#### WORK TO COMPLETE:
All of the listing must be given again exactly, except that the images are dropped.

#### DATA EXCERPT:

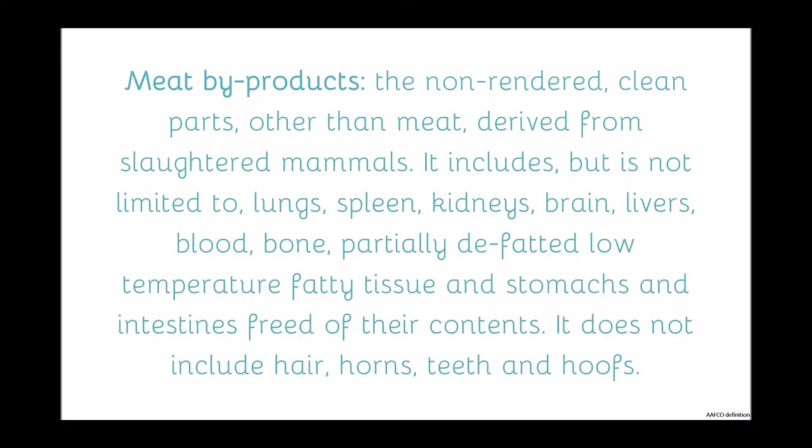AFCO defines meat byproducts as the non-rendered, clean parts other than meat derived from slaughtered mammals. It includes, but is not limited to, lungs, spleen, kidneys, brain, livers, blood, bone, partially defatted low temperature fatty tissue, and stomachs and intestines freed of their contents. It does not include hair, horns, teeth, and hooves.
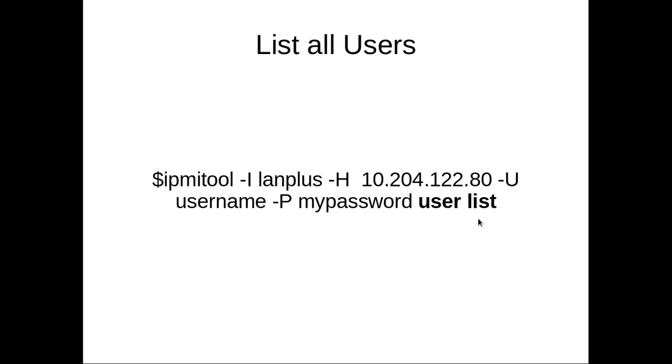You can also list all users, the list of users who have access to the ILO and IPMI. You can list all those users using this user subcommand.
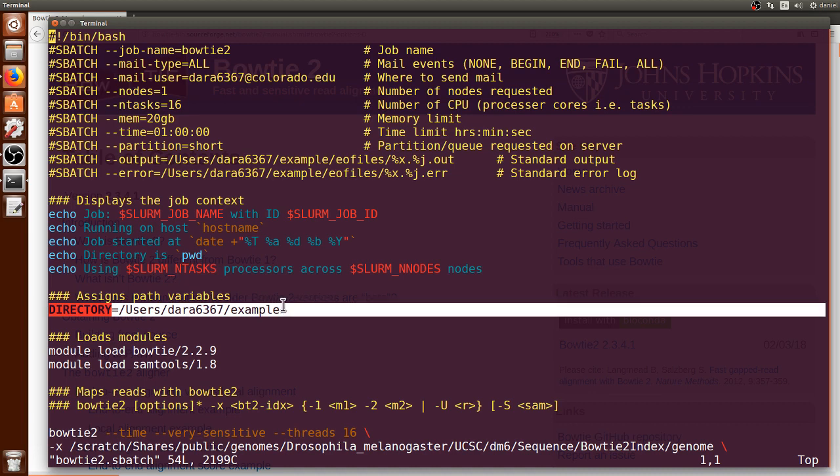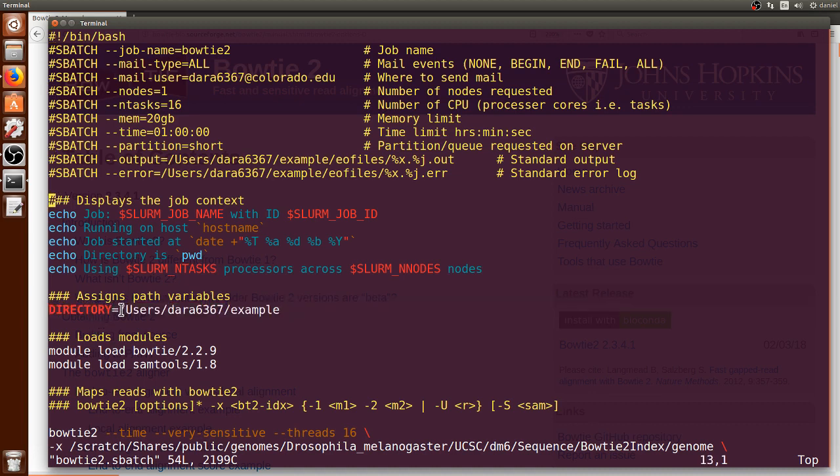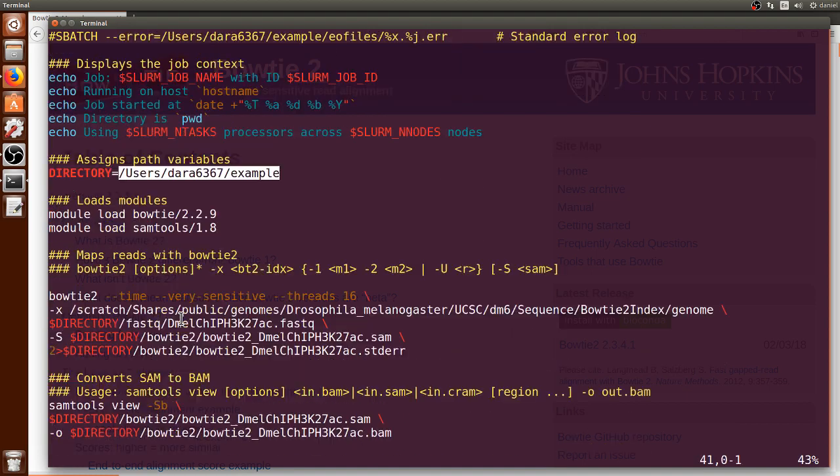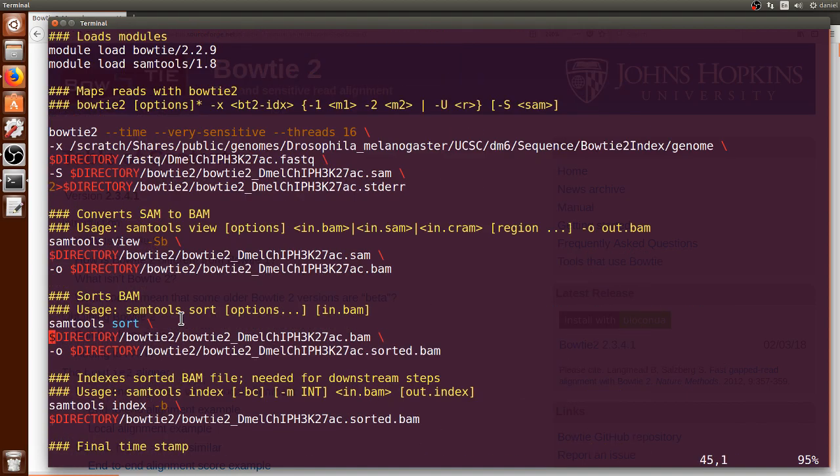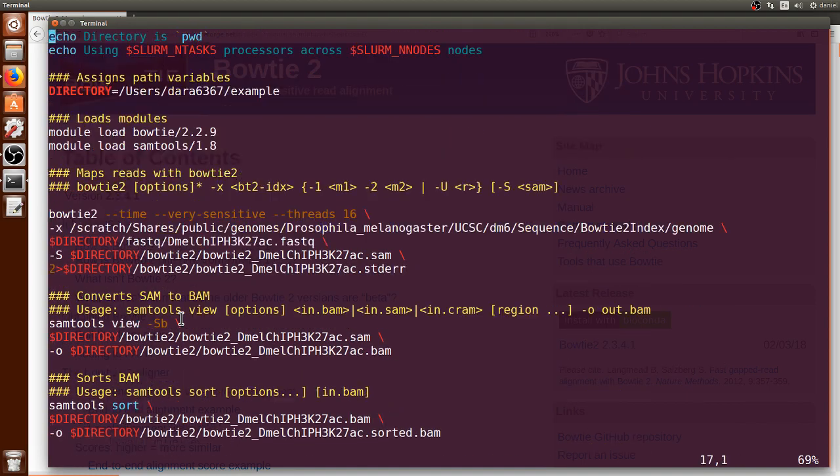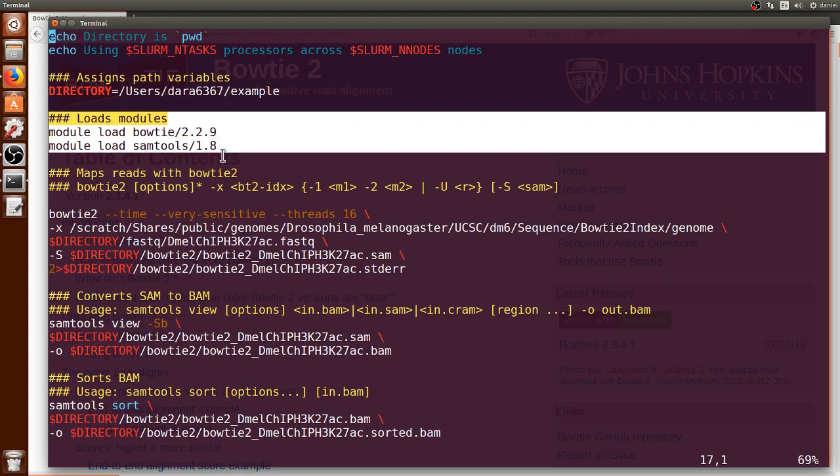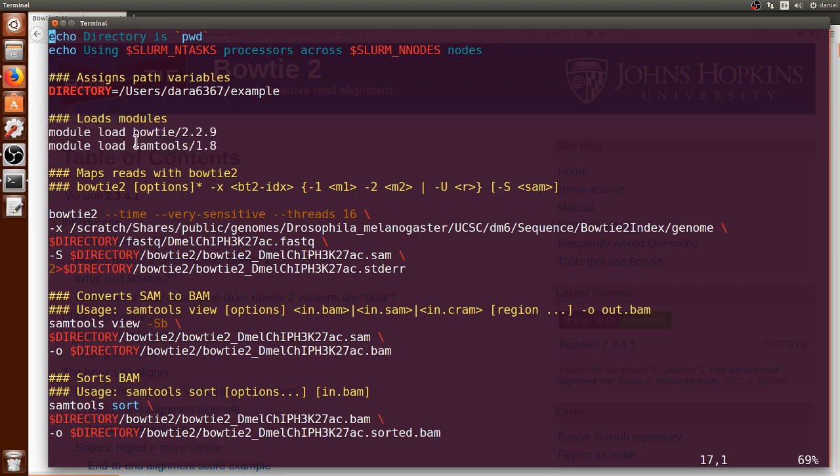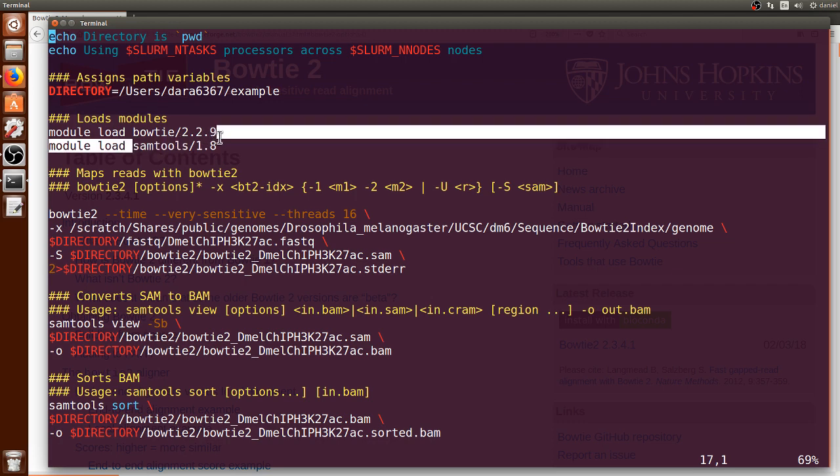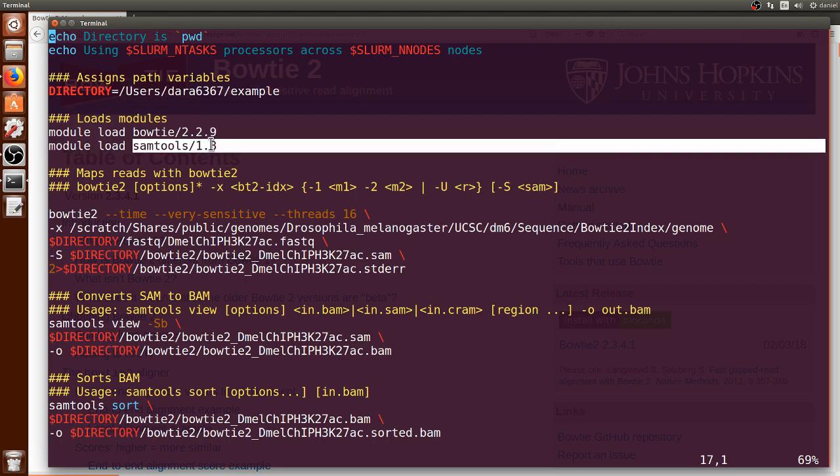Here I am specifying the variable directory that contains this portion of text that is a path that I will be using throughout this file. We go down a little bit and now I am here loading modules that this job will require in order for Bowtie2 to be utilized along with samtools which is another set of tools software.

#### OUTPUT OF THE TASK:
AFCO defines meat byproducts as the non-rendered, clean parts other than meat derived from slaughtered mammals. It includes, but is not limited to, lungs, spleen, kidneys, brain, livers, blood, bone, partially defatted low temperature fatty tissue, and stomachs and intestines freed of their contents. It does not include hair, horns, teeth, and hooves.
You can also list all users, the list of users who have access to the ILO and IPMI. You can list all those users using this user subcommand.
Here I am specifying the variable directory that contains this portion of text that is a path that I will be using throughout this file. We go down a little bit and now I am here loading modules that this job will require in order for Bowtie2 to be utilized along with samtools which is another set of tools software.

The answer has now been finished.